The same principles apply as when grazing ruminants, with adjustments for horses’ grazing habits and needs.



Several years before Joe Pokay started as general ranch manager at Noble Research Institute, he experimented with adaptively grazing his working horses, moving them from one part of the pasture to another to help the grass.


“I just knew I never liked the way the horse traps looked, and they’re usually right by your house,” Pokay says. “When I first started, I didn’t really understand what I was doing with the rest periods and all that,” he says, but as he fully adopted adaptive multi-paddock grazing, he found that “a horse pasture doesn’t have to be ‘sacrificial’ land.”


“Every acre matters,” Pokay says. “If I apply the same principles to the 25 acres my horses graze as I do to the rest of the ranch, it’ll benefit from the same positive effects: fresh grass, better nutrition, better health for the animals, better health for the soil, and I’m all about that.”


Same soil health principles, different expectations

If you want to apply regenerative practices to every acre, start by simply recognizing the ways your horses are, in fact, going to differ from your commodity livestock.


“If a cow falls off, loses condition, doesn’t get bred back, she’s pretty primed to be culled. But I’m not going to do that with my horses,” Pokay says. “I’m not going to wreck a good horse by trying to graze them too tight. There are some concessions I’ll make to keep a good horse around. But I’m not going to wreck my soil to do it.”


It is true that because of their top teeth, horses tend to graze closer to the ground.

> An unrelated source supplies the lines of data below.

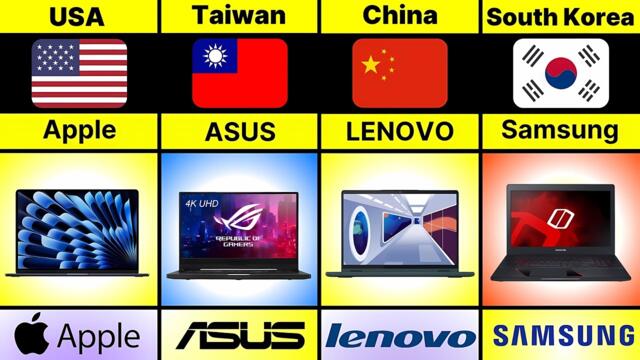 Laptop Brands From Different Countries | Laptop Brands By Country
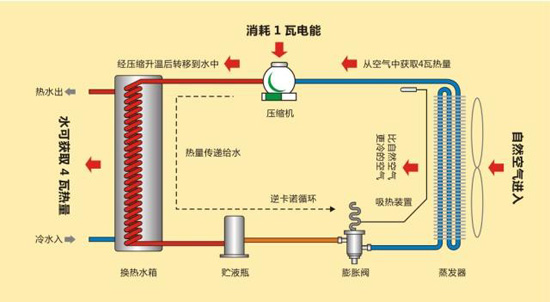 空气能热水器价格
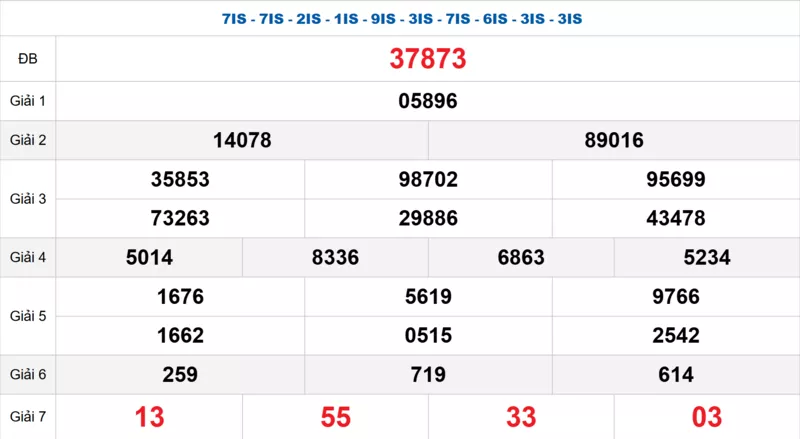 Bảng kết quả quay thử xổ số miền Bắc ngày 01/02/2026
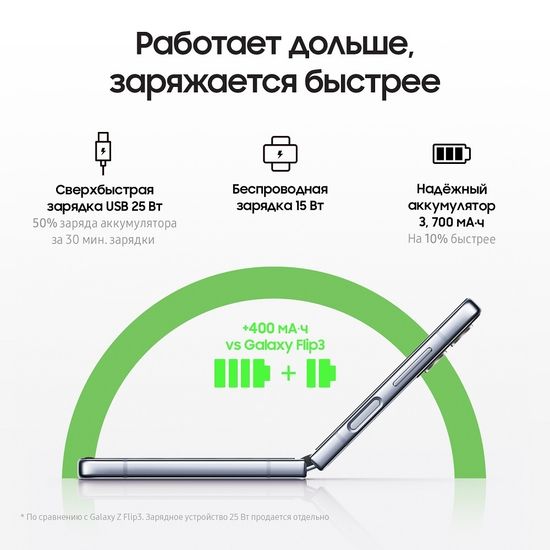 Samsung Galaxy Z Flip4 8/128 Гб голубой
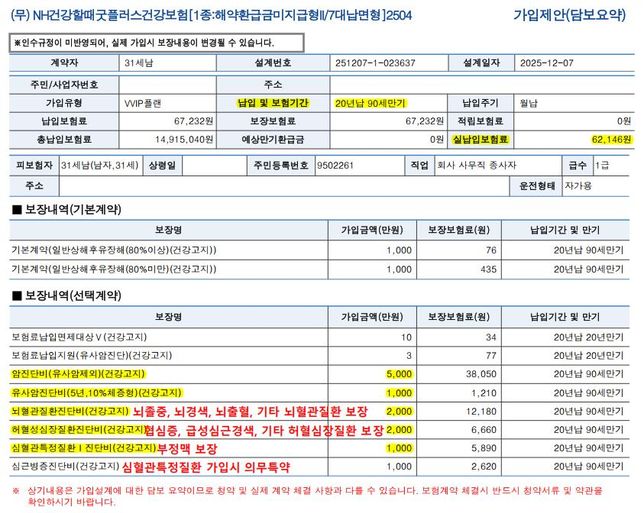 보험 분석 받아봤는데 저한테 어떤거 적합한지 조언 부탁드려요 ㅠㅠ의 2번 째 이미지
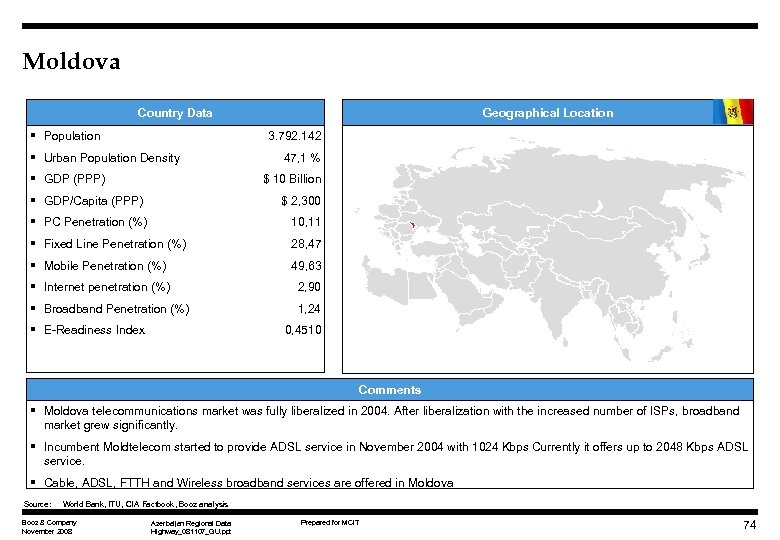 Moldova Country Data § Population Geographical Location 3. 792. 142 § Urban Population Density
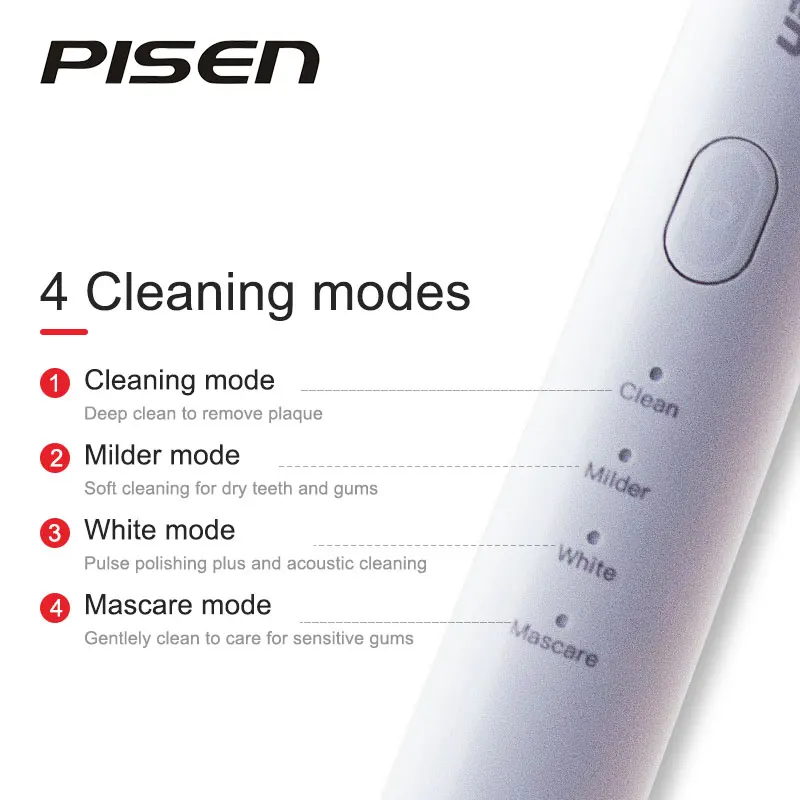 PISEN электрическая зубная щетка Водонепроницаемая щетка Зубная щетка 360 graden smart tandenborstel USB перезаряжаемая зубная щетка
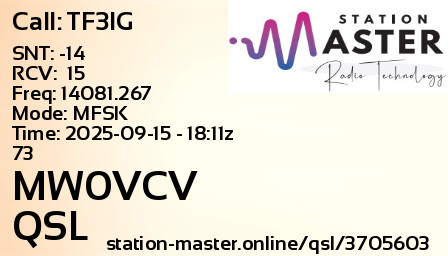 QSL Card for MW0VCV QSO with TF3IG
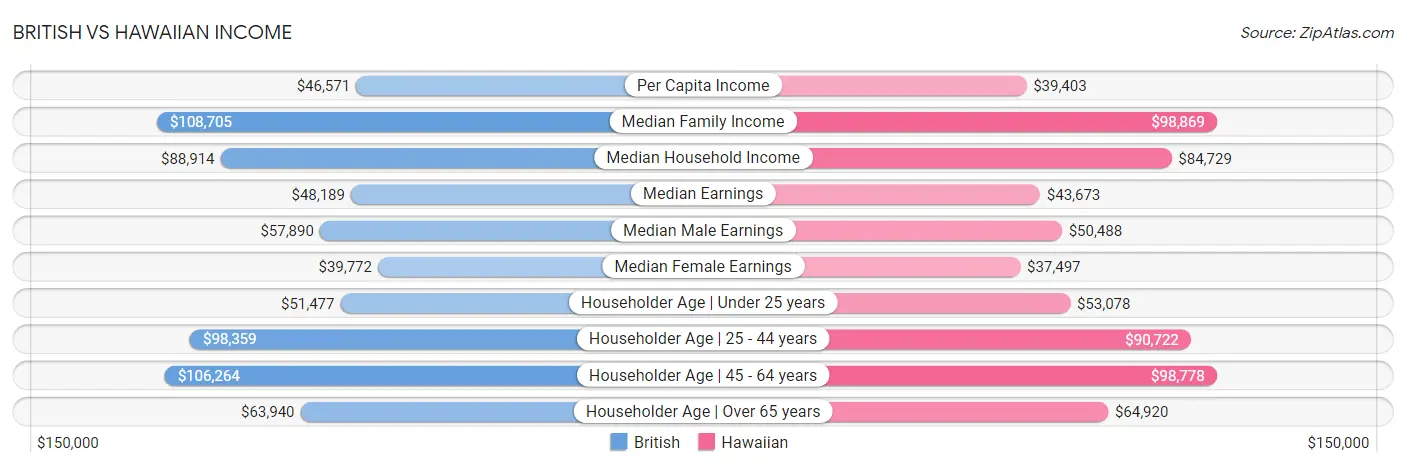 British vs Hawaiian Income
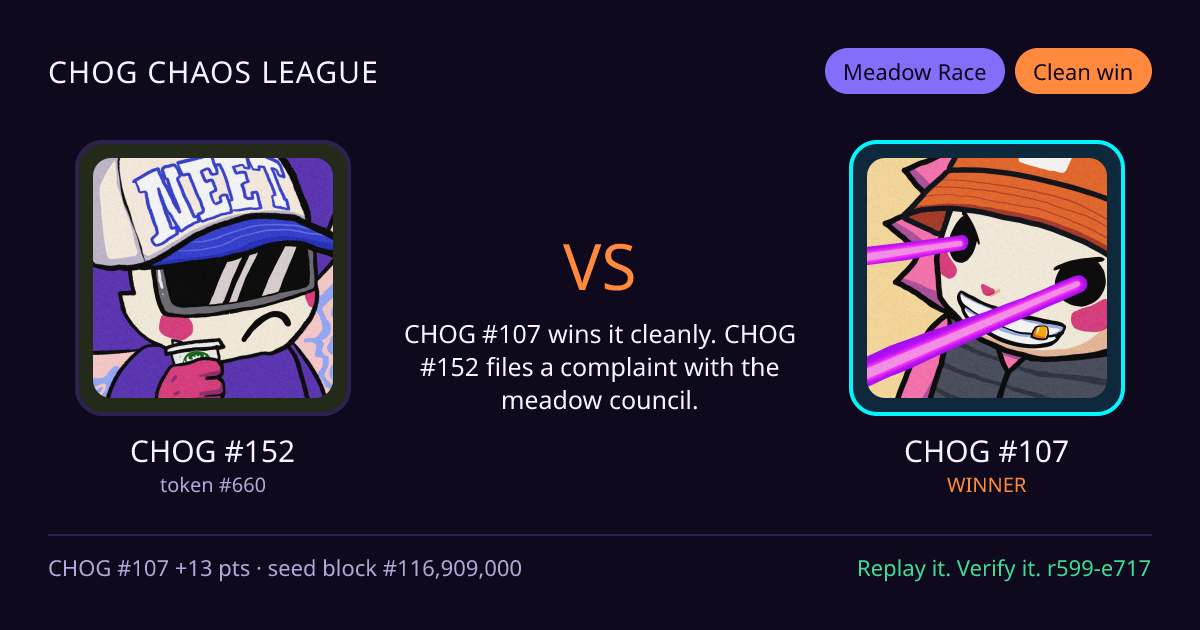 Highlight card: CHOG #152 versus CHOG #107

That can be especially damaging to tender, new growth.


“The hardest part of grazing horses is to just keep them moving fast enough to maintain condition, applying enough density, and allowing the tender stuff a chance to come back and regenerate after that first bite,” he says.


Plants may need a longer recovery period after a horse graze than a ruminant graze, but Pokay says the key is to pay close attention to the plants, no matter the animals you’re using.

“You can’t just wholesale apply a certain management to all horses, because some horses handle grazing differently than others,” he says. With regenerative management, always use frequent observations of the animals, plants, and land as your guide.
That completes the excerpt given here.